# Ames Housing - OLS Linear Regression
- Author: Oliver Mueller
- Last update: 26.01.2024

## Initialize notebook
Load required packages. Set up workspace, e.g., set theme for plotting and initialize the random number generator.

In [1]:
import warnings
warnings.simplefilter('ignore')

import numpy as np
import pandas as pd
from matplotlib import pyplot as plt
import seaborn as sns

import statsmodels.api as sm
import statsmodels.formula.api as smf

In [2]:
plt.style.use('fivethirtyeight')

## Problem description

Ask a home buyer to describe their dream house, and they probably won't begin with the height of the basement ceiling or the proximity to an east-west railroad. But this dataset proves that much more influences price negotiations than the number of bedrooms or a white-picket fence. With 76 explanatory variables describing (almost) every aspect of residential homes in Ames, Iowa, this dataset challenges you to predict the final price of each home. More: <https://www.kaggle.com/c/house-prices-advanced-regression-techniques>


## Load data

Load training data from CSV file.

In [3]:
data_train = pd.read_csv('data/train.csv')

In [4]:
data_train.head()

Unnamed: 0,house_id,MSSubClass,MSZoning,LotFrontage,LotArea,Street,Alley,LotShape,LandContour,Utilities,...,ThreeSsnPorch,ScreenPorch,PoolArea,Fence,MiscVal,MoSold,YrSold,SaleType,SaleCondition,SalePrice
0,1,20,RL,80,10400,Pave,none,Reg,Lvl,AllPub,...,0,0,0,MnPrv,0,6,2009,WD,Family,152000
1,2,60,RL,0,28698,Pave,none,IR2,Low,AllPub,...,0,225,0,none,0,6,2009,WD,Abnorml,185000
2,3,90,RL,70,9842,Pave,none,Reg,Lvl,AllPub,...,0,0,0,none,0,3,2007,WD,Normal,101800
3,4,90,RL,60,7200,Pave,none,Reg,Lvl,AllPub,...,0,0,0,none,0,6,2009,WD,Normal,90000
4,5,190,RM,63,7627,Pave,none,Reg,Lvl,AllPub,...,0,0,0,none,0,10,2009,WD,Normal,94550


In [None]:
data_train.shape

In [None]:
data_train.columns

## Prepare data

Let us first focus on some easy to understand variables.

In [None]:
data_train = data_train[["SalePrice", "Neighborhood", "HouseStyle", "LotArea", "GrLivArea", "FullBath", "BedroomAbvGr", "KitchenAbvGr", "OverallQual", "OverallCond"]]

In [None]:
data_train.head()

## Exploratory data analysis

### Descriptive summary statistics

We can quickly calculate the most important summary statistics for a variable with *describe()*.

In [None]:
data_train["SalePrice"].describe()

### Visualize distribution of single variables
In the following, we will use histograms and density plots to get a feeling of the distribution of our main variables. See https://seaborn.pydata.org/generated/seaborn.displot.html#seaborn.displot for more information.

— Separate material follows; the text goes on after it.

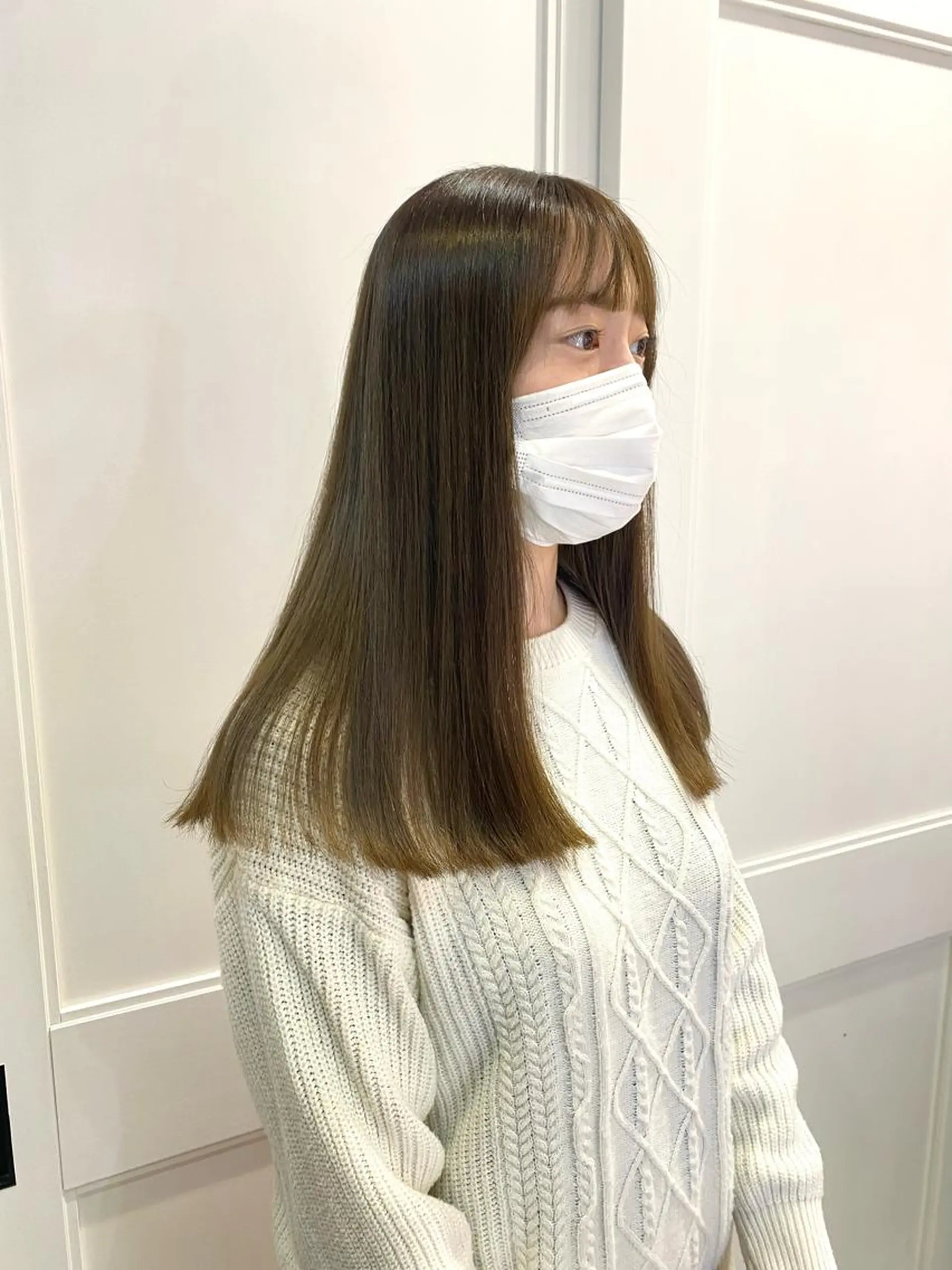 セミロング カラー オリーブカラー Ayuna /透明感カラーのヘアスタイル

Let's first look at the dependent variable (*SalePrice*).

In [None]:
sns.displot(data_train, x="SalePrice", kde=True)
plt.show()

Let's look at some numerical independent variables. We will start with *GrLivArea*.

In [None]:
sns.displot(data_train, x="GrLivArea", kde=True)
plt.show()

Next, let's look at the variable *OverallQual*.

In [None]:
# YOUR CODE HERE

We can also visualize the distribution of categorical variables using *catplot()*. See https://seaborn.pydata.org/generated/seaborn.catplot.html#seaborn.catplot for more information.

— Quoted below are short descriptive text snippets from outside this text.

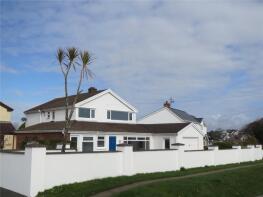 7 Tiburon House, Knightston Close, New Hedges, Tenby SA70 8TL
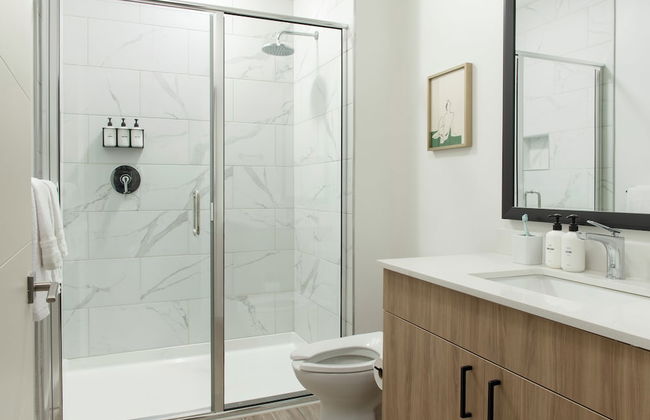 Mint House Nashville - Marathon Village - Photo 25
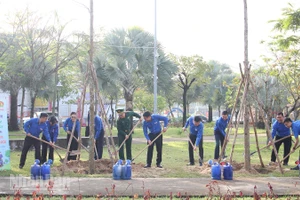 Đại biểu trồng cây hưởng ứng Tết trồng cây “Đời đời nhớ ơn Bác Hồ”.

Let's start with *Neighborhood*.

In [None]:
sns.catplot(data_train, x="Neighborhood", kind="count")
plt.xticks(rotation=90)
plt.show()

Let's do the same for *HouseStyle*.

In [None]:
# YOUR CODE HERE

### Visualize the relationship between the dependent variable (i.e., SalePrice) and numerical independent variables.

In the following, we will use scatter plots with linear trend lines to visually explore the relationship between *SalePrice* (Y axis) and various numerical independent variable (X axis). See https://seaborn.pydata.org/generated/seaborn.relplot.html#seaborn.relplot for more information.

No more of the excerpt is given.